Partial Failures Are Expensive

The worst case: the request partially succeeded before failing.

# You paid for 500 input tokens
# Model generated 300 output tokens
# Then the connection dropped
# Total cost: input + partial output
# Value received: zero (incomplete response)

# This is worse than a clean failure

For long generations, consider:

Checkpointing (save partial results)
Smaller max_tokens with continuation
Streaming with client-side buffering

Monitoring Retry Cost

Track retry metrics explicitly:

from prometheus_client import Counter, Histogram

request_total = Counter('llm_requests_total', 'Total requests', ['status'])
retry_total = Counter('llm_retries_total', 'Total retries', ['attempt'])
retry_cost = Counter('llm_retry_cost_tokens', 'Tokens spent on retries')

async def tracked_request(prompt):
    request_total.labels(status='attempted').inc()

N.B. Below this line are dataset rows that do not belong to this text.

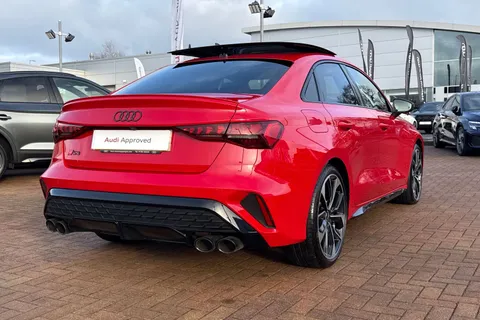 BT25OWD Audi S3 Black Edition TFSI  333 PS S tronic Thumbnail #27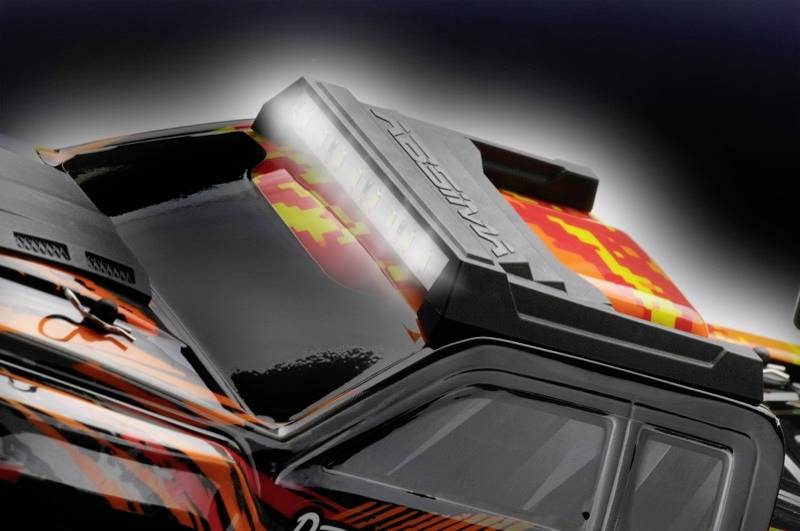 Absima AT3.4 V2 Brushless 1:10 RC Modellauto Elektro Truggy Allradantrieb (4WD) RtR 2,4GHz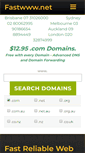 Mobile Screenshot of fastwww.net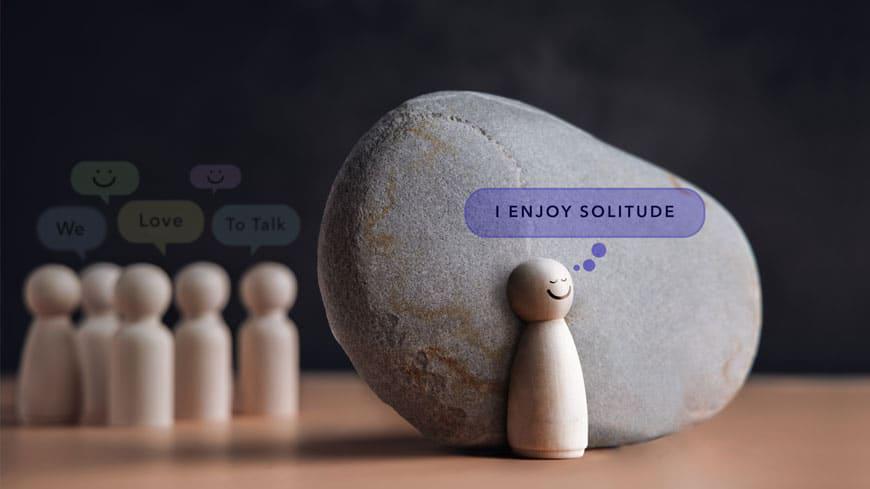 Diferencia entre introvertido y extrovertido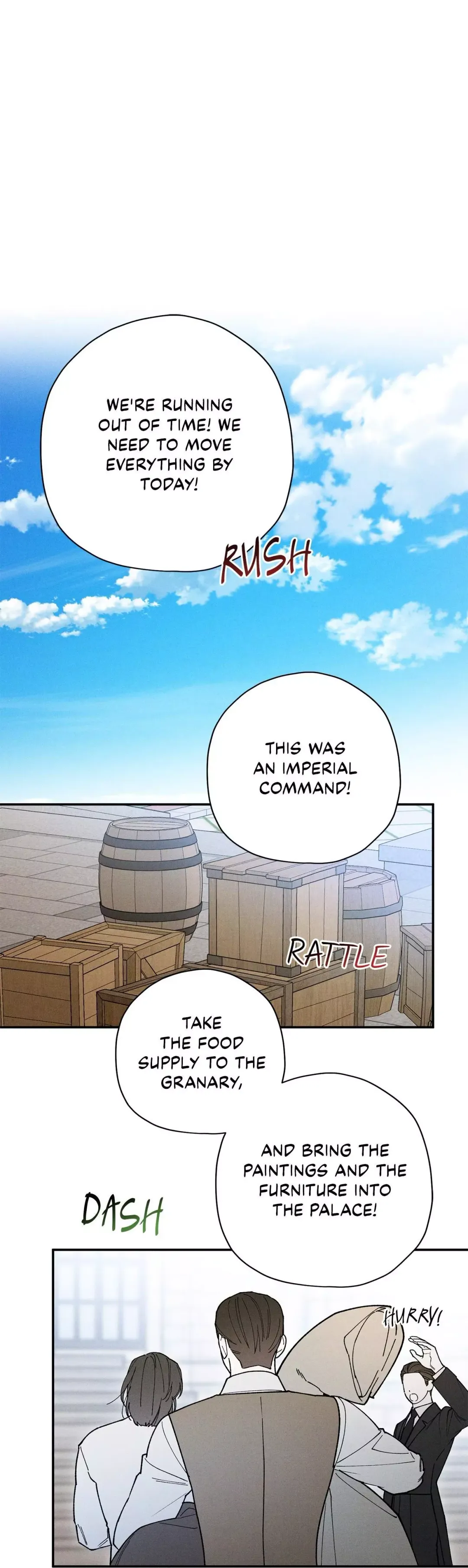 The Rogue Prince Is Secretly an Omega - Chapter 58 Page 13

    for attempt in range(max_retries + 1):
        try:
            result = await llm.generate(prompt)
            request_total.labels(status='success').inc()
            return result
        except RetryableError:
            if attempt > 0:
                retry_total.labels(attempt=attempt).inc()
                retry_cost.inc(count_tokens(prompt))
            if attempt == max_retries:
                request_total.labels(status='failed').inc()
                raise

Dashboard showing retry rate spiking from 2% to 15%? That's your signal to investigate before the bill arrives.

The best retry is the one you don't need. Invest in reliability before retry logic.